This deal is no deal

Last Thursday, the Eurogroup of Finance Ministers approved the latest disbursement to Greece under its program, ahead of maturities falling due in July.

But it again postponed action on debt relief, promising only to study a proposal to tie repayments to GDP growth by formula. Given that, the IMF agreed to participate only "in principle"—and will not disburse any of its funds under its program for Greece until debt relief is sufficiently specific and substantial.

This deal is no deal.

First, once again, it entrenches an intellectually indefensible set of targets for the budget primary surplus—3 1/2 percent of GDP at least to 2022—in the context of an economic catastrophe that is unprecedented globally and historically outside of war, and seldom in wartime (See Chart).

Further, by endorsing the program, the IMF has endorsed these fiscal targets, ignoring the findings of its own research.

And the creditors’ attempt to conceal the incoherence of the program targets by couching them in language echoing the ECB's inflation framework—a primary surplus of equal to or above but close to 2% of GDP in the period from 2023 to 2060—is risible.

All this compounds longstanding IMF-cum-creditor economic illiteracy on Greece with yet more illiteracy, where literacy could not now be more urgent.

Second, disbursement by the IMF contingent on debt relief is also indefensible. This allows IMF management to parade globally as righteous champions on the overhang of Greek debt, cleansing their many past failings since 1999 on this issue. But they also do everything possible to enable continued creditor inaction on debt. This is not the first time that such a high premium has been placed on demonstrating "clean hands" while doing everything to enable execution: Pontius Pilate, also anxious to avoid a confrontation, showed the way.

Further, contrary to its claims, there is no IMF precedent for this form of contingent disbursement. 1980s IMF programs anticipating debt relief worked within well-established Paris Club procedures and parameters.

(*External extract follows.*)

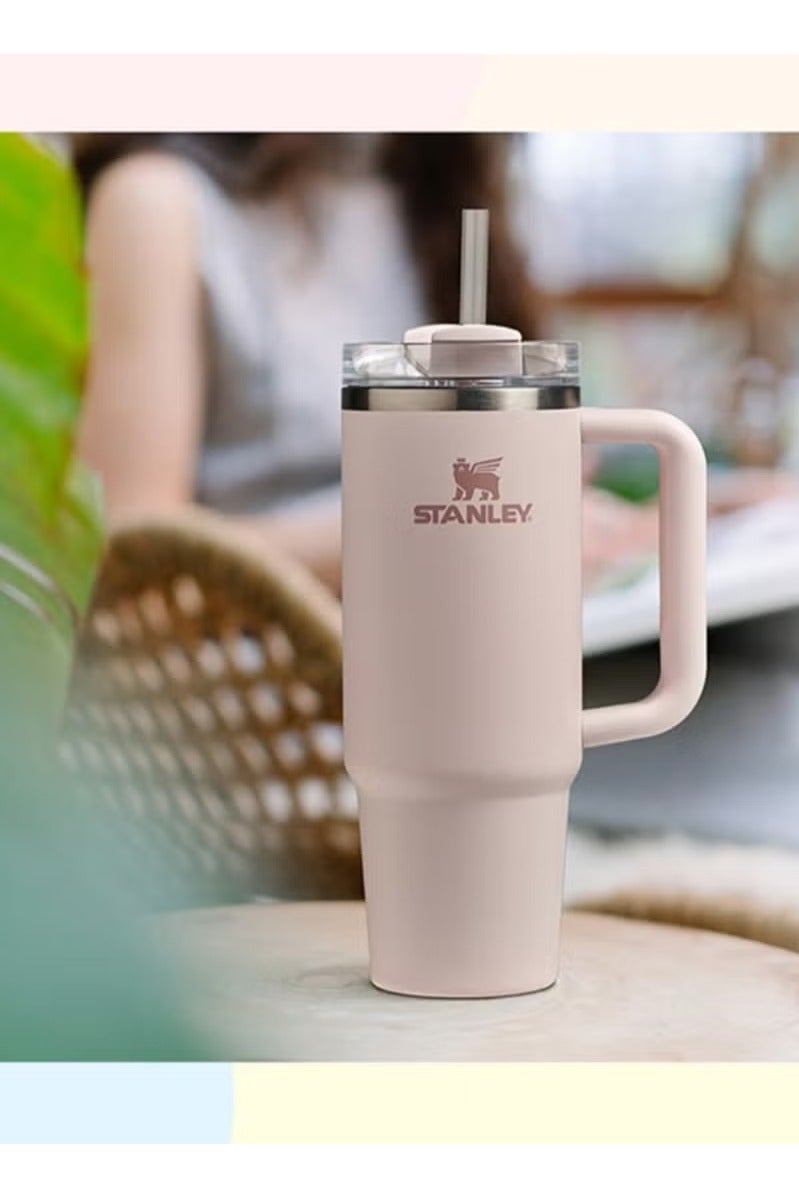 ستانلي كوب Quencher H2.0 FlowState معزول بالفراغ من الفولاذ المقاوم للصدأ مع غطاء وقشة للماء والشاي المثلج أو القهوة والعصائر وغيرها، من الكوارتز الوردي، 40 أونصة من الفولاذ المقاوم للصدأ 32 × 15 × 10 سم  - Image 4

There is no such clarity here. Ignoring this difference jettisons (as did the 2010 "systemic exemption") recent carefully crafted IMF policy: so instead of requiring debt reduction in the "red unsustainable" zone (where the IMF has belatedly placed Greece), the IMF now conjures up a distinction between a program and a disbursement despite the total opacity on the debt resolution procedures and parameters pertaining to Greece.

And the notion of tying debt to growth is a sure way to discourage Greek policymakers from enacting growth-enhancing reforms. IMF endorsement of this element of the program (as on the fiscal targets) also ignores its own research.

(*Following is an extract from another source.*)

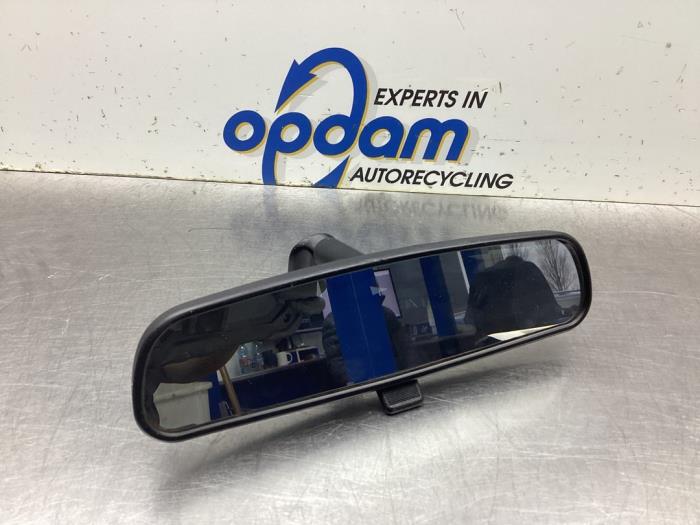 Rear view mirror from a Toyota Yaris Verso (P2) 1.3 16V 2000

Third, key actors have yet to sign off on this "deal".

The Bundstag may debate it—though Schauble is resisting. There is much to debate: the Spanish representative on the Eurogroup in May 2017, commenting on the (then) proposed IMF non-disbursing program said "you cannot be 50% pregnant"; and after its formal presentation, the ECB determined that the IMF arrangement still precludes Greek QE eligibility. These verdicts on the deal are not minor details for the Bundestag.

And though US officials on the IMF Board have doubtless blessed the proposal in advance, they—as others have discovered—are liable to unceremonious overrule by Mr. Trump. With US-German relations deteriorating over the German current account surplus, German defense spending, and sanctions on Russia, do not be surprised if Mr. Bannon et al. see that their boss can hit Mrs. Merkel hard by blocking this "50% pregnant" deal at the IMF board ahead of German elections.

Last, there is still a question of what Mr. Tsipras will do about this semi-pregnancy.

If he was to maintain full compliance with program conditionality while defaulting on the July maturities, despite obtaining program disbursements, he would thereby demonstrate that default is aimed solely at driving timely resolution of the debt. And the purpose of that would be to eliminate any risk of Grexit. Given full program compliance through default, this stance would therefore be the inverse of his stance in 2015 (which overtly threatened Grexit). And his emphasis on the urgency of debt relief would be formally endorsed by both the IMF and the ECB, again unlike 2015. All this would attenuate deposit flight arising from default and remove the grounds the ECB advanced in 2015 to cap Greek access to ELA.

Mr. Tsipras has staked his place in Greek history on securing debt sustainability. If the program disbursements are actually made, he will not get a better opportunity to lead on the issue than by defaulting in this way, now. He has not always chosen the most strategic of available options, but he could do so this time—simply by doing nothing more from this point on.

This ugly deal is not done. It still faces key hurdles. Should it fall at any of those hurdles, this commentator will shed no tears for it.